PDF reading and annotation
Beyond handwriting, the reMarkable Paper Pro's most consistently praised use case is PDF annotation — reading long documents, academic papers, and reports with handwritten margin notes that sync back to the original file. Based on user reports in professional and academic contexts, the 11.8-inch display is large enough to read most PDFs at native size without continuous scrolling. Annotations export and sync via Connect. For people currently annotating PDFs on a laptop or iPad — where a browser and inbox are also open — moving this workflow to the reMarkable removes the ambient distraction risk of those environments.
The Connect subscription
Some features require the Connect subscription (around $3/month per manufacturer pricing as of this review). These include cloud backup and sync, handwriting-to- text conversion, and sending notes via email. The device works as a local note- taking and PDF-annotation tool without a subscription, but most features that distinguish it from a paper notebook require Connect. For buyers who prefer not to carry recurring costs on hardware, this is a meaningful consideration.
Who should buy it
The reMarkable Paper Pro is best suited for knowledge workers, researchers, and students who work extensively with long documents, take frequent handwritten notes, and want those notes to be searchable and shareable. The device earns its premium price for people who have a genuine PDF and handwriting workflow — annotating papers, writing meeting notes that need to be retrieved later, or drafting in longhand. For people whose main goal is moving a daily planner or journal off a phone, the Hobonichi Techo is a more accessible and more genuinely analogue starting point.
Who should skip it
The reMarkable Paper Pro is not the right choice for someone who primarily needs a planner or journal — paper is more appropriate and dramatically cheaper. It is also not suited for anyone who wants a general-purpose tablet, audiobooks, or colour content. The device does one thing (distraction-free writing and reading) very well; if that specific use case doesn't match your workflow, the price is not justified.
Vs. closest alternative
The reMarkable Paper Pro and the Hobonichi Techo both serve the goal of moving writing off a distraction surface, but they're appropriate for different workflows. The Techo is pure paper: around $50–90 per year, no battery, nothing to subscribe to, fully analogue. The reMarkable is a $400 e-ink device with searchable handwriting and optional cloud sync. For most people whose goal is replacing a phone-based planner or journal, the Hobonichi is the more accessible starting point. The reMarkable is justified when the workflow includes reading and annotating large documents, or when searchable, syncable handwriting output is a genuine requirement.
Read Hobonichi Techo Planner review →FAQ
Do I need the Connect subscription?
The device works locally without a subscription — you can write notes and annotate PDFs stored on-device. Cloud sync, handwriting-to-text conversion, and email export require Connect (around $3/month). For most professional use cases, Connect is worth it; for casual journaling, it's optional.
Is the reMarkable Paper Pro better than an iPad with Apple Pencil for focused work?
The relevant comparison isn't capability — an iPad has far more capabilities. The relevant comparison is distraction profile.
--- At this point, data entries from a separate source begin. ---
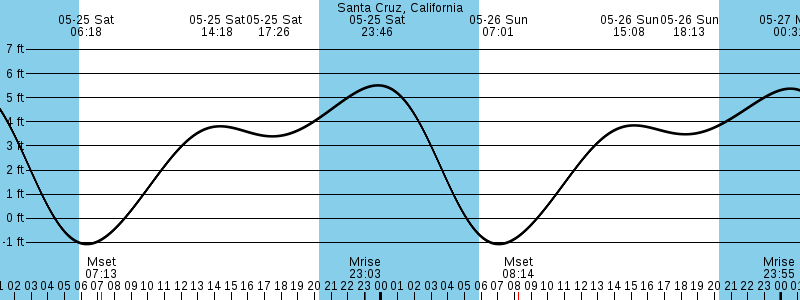 Santa Cruz tide chart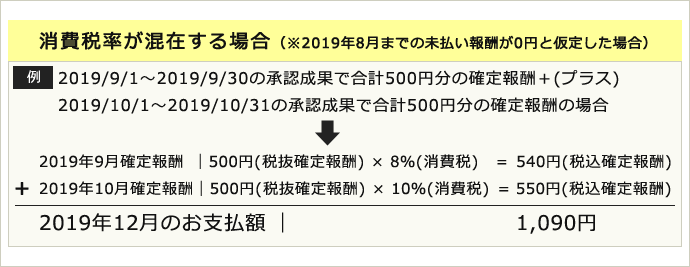 お支払いについて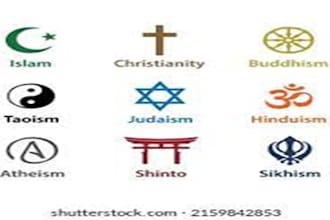 do religion, theology, christianity buddhism, islam hinduism research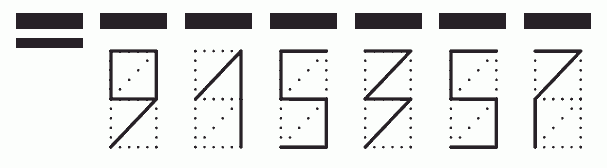 Пример заполнения индекса 915357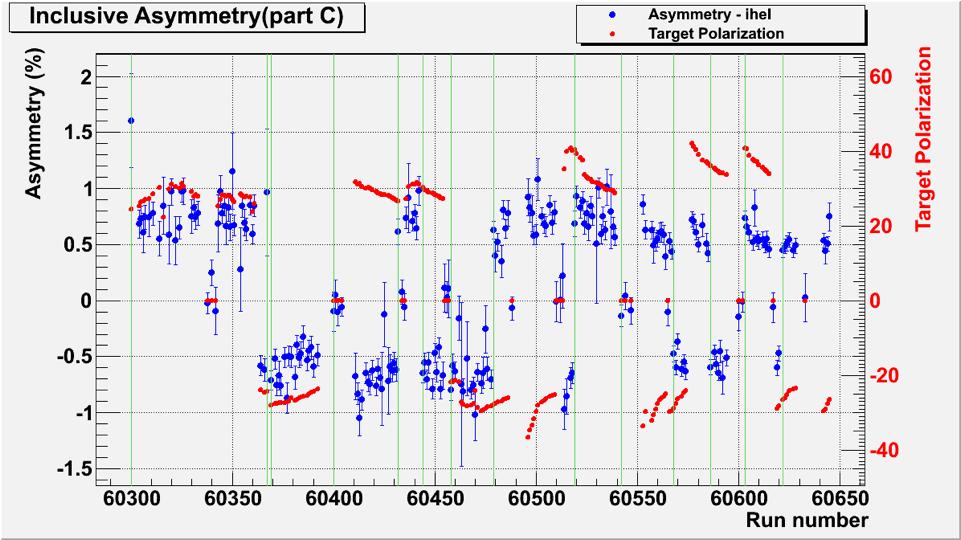 P b P t C NH3 Inclusive Asymmetry Part C Asymmetry Target Polarization C ND3 Deuteron polarization (red)
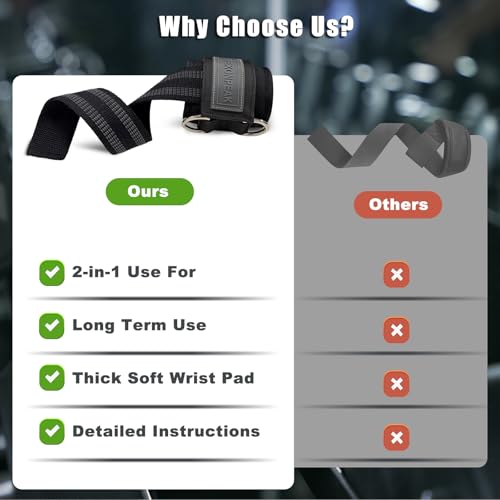 Weight Lifting Straps with D Rings, 2-in-1 Non-Slip Wrist Straps for Weightlifting, Workout Straps for Men Women, Gym Straps for Cable Machine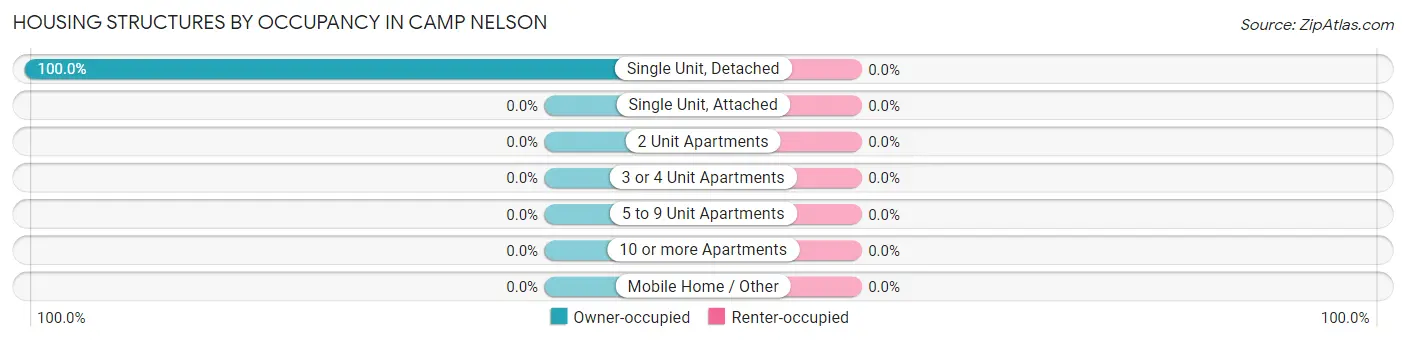 Housing Structures by Occupancy in Camp Nelson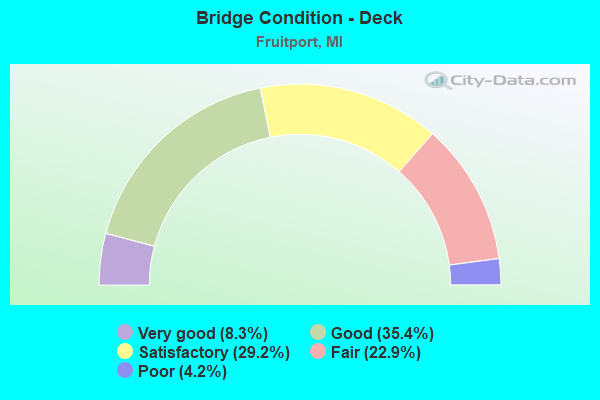 Bridge Condition - Deck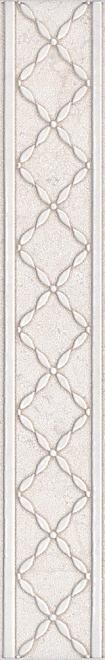 Керамическая плитка Kerama Marazzi Бордюр Сорбонна 4,2х25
An iPad with Pencil can annotate PDFs; it can also open Safari, email, and social media in the same session. The reMarkable cannot. Whether that constraint is worth $400 depends on whether you genuinely want to be constrained.
How long does the battery last?
According to manufacturer specifications, the reMarkable Paper Pro has a battery life of up to two weeks with typical use, based on e-ink technology that only draws power when the screen refreshes. User reports generally confirm multi-week battery life under moderate use.
Can I read ebooks on the reMarkable Paper Pro?
The device supports ePub files in addition to PDFs. It is not a general e-reader — there is no integrated ebook store and no native Kindle or Kobo support. For people who already have ePub files, it functions as an annotation-capable reader.